▶ [PROMPT]:
Only one stretch of the data should be retyped: the lines from the line containing "Photo of 2011 White GMC Sierra 1500" through the line containing "30 Boothill Dr — Photo 41". Keep pictures out of it.

▶ [DATA SUPPLIED]:

--- --- ---

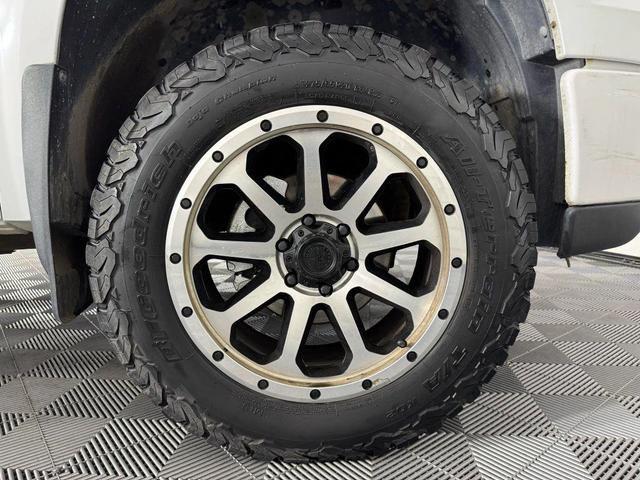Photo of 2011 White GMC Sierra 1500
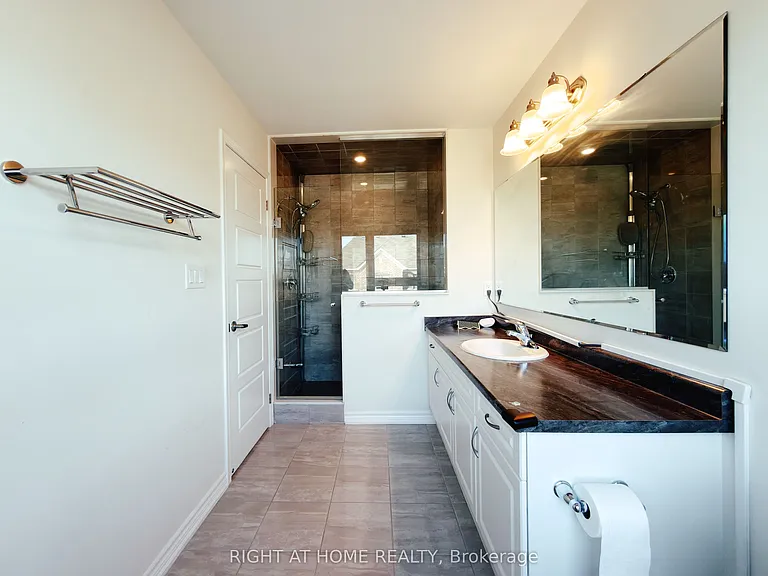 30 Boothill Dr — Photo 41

--- --- ---

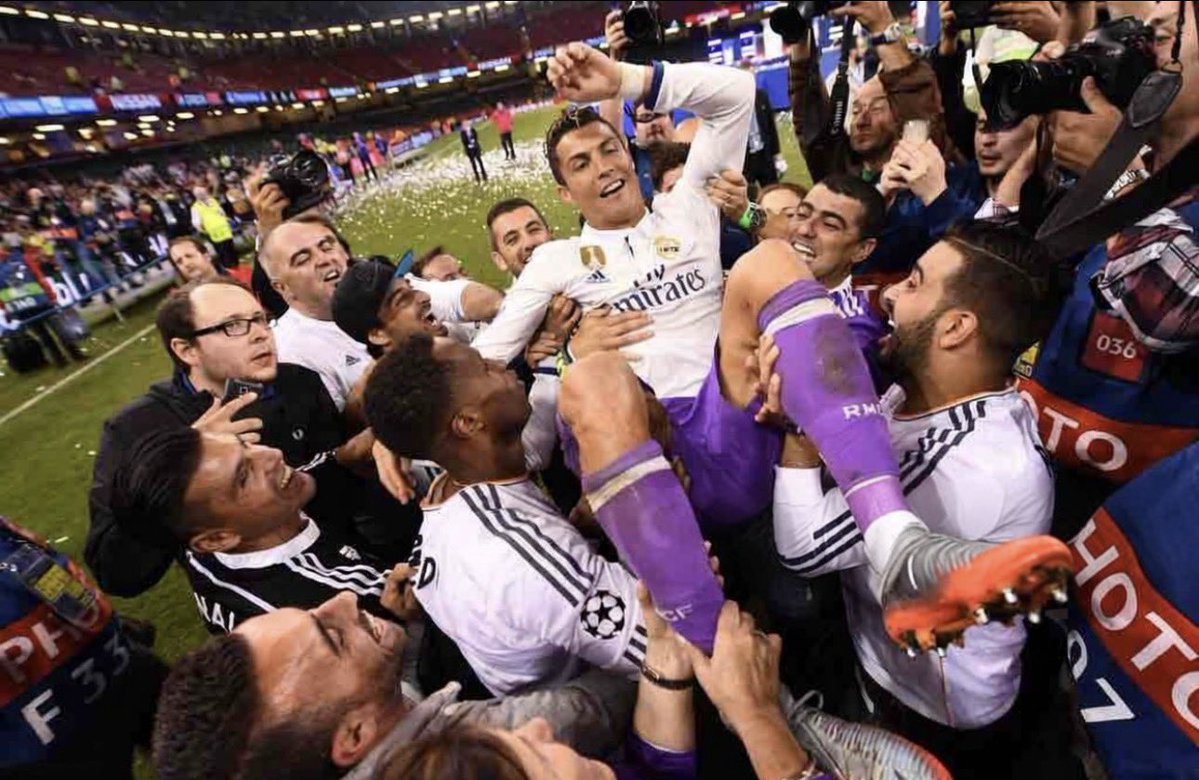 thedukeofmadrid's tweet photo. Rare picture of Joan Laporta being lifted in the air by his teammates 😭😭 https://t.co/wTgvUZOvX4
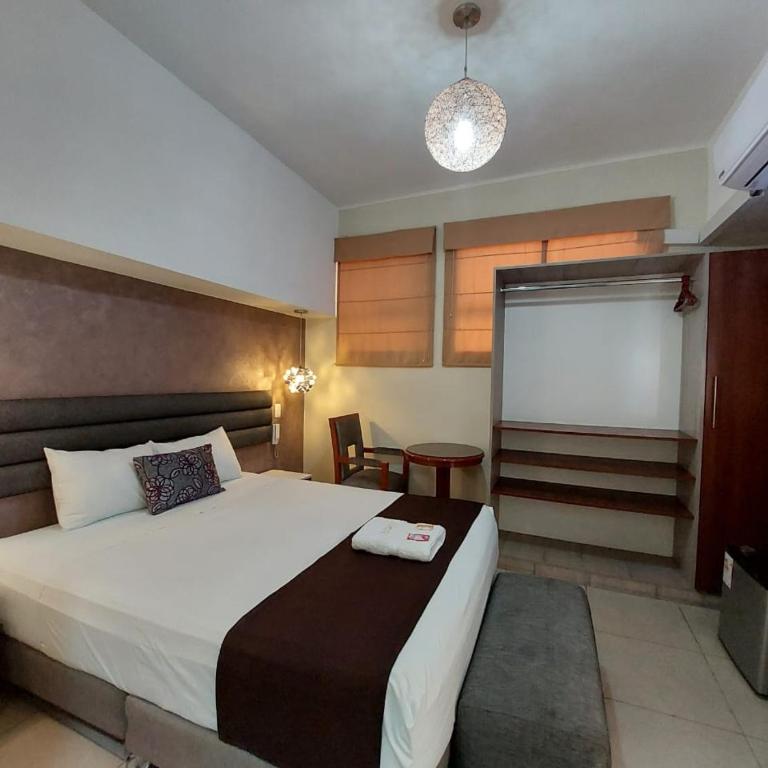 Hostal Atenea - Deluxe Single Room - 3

--- --- ---

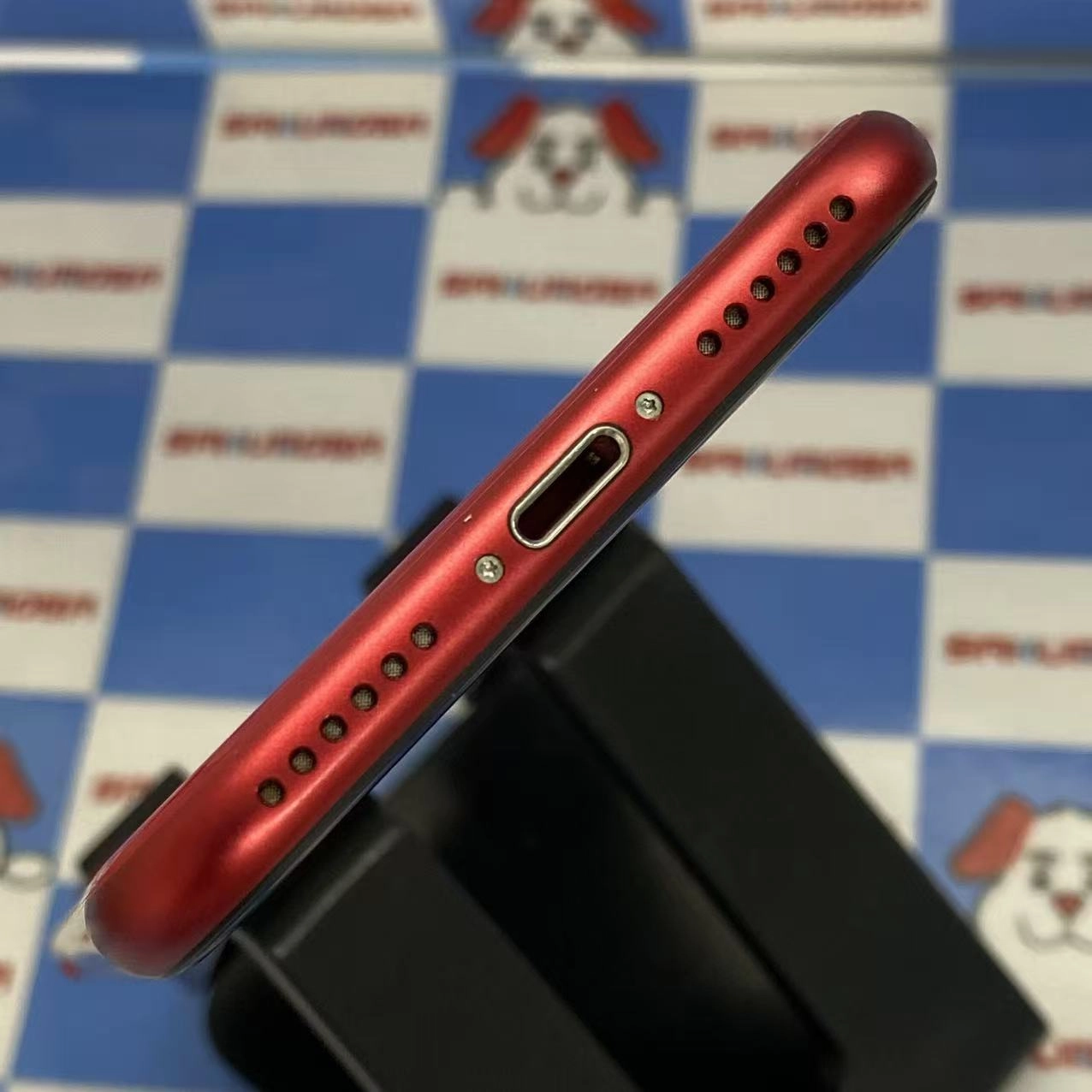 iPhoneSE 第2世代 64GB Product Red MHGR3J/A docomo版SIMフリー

--- --- ---

▶ [EXPECTED ANSWER]:
Photo of 2011 White GMC Sierra 1500
 30 Boothill Dr — Photo 41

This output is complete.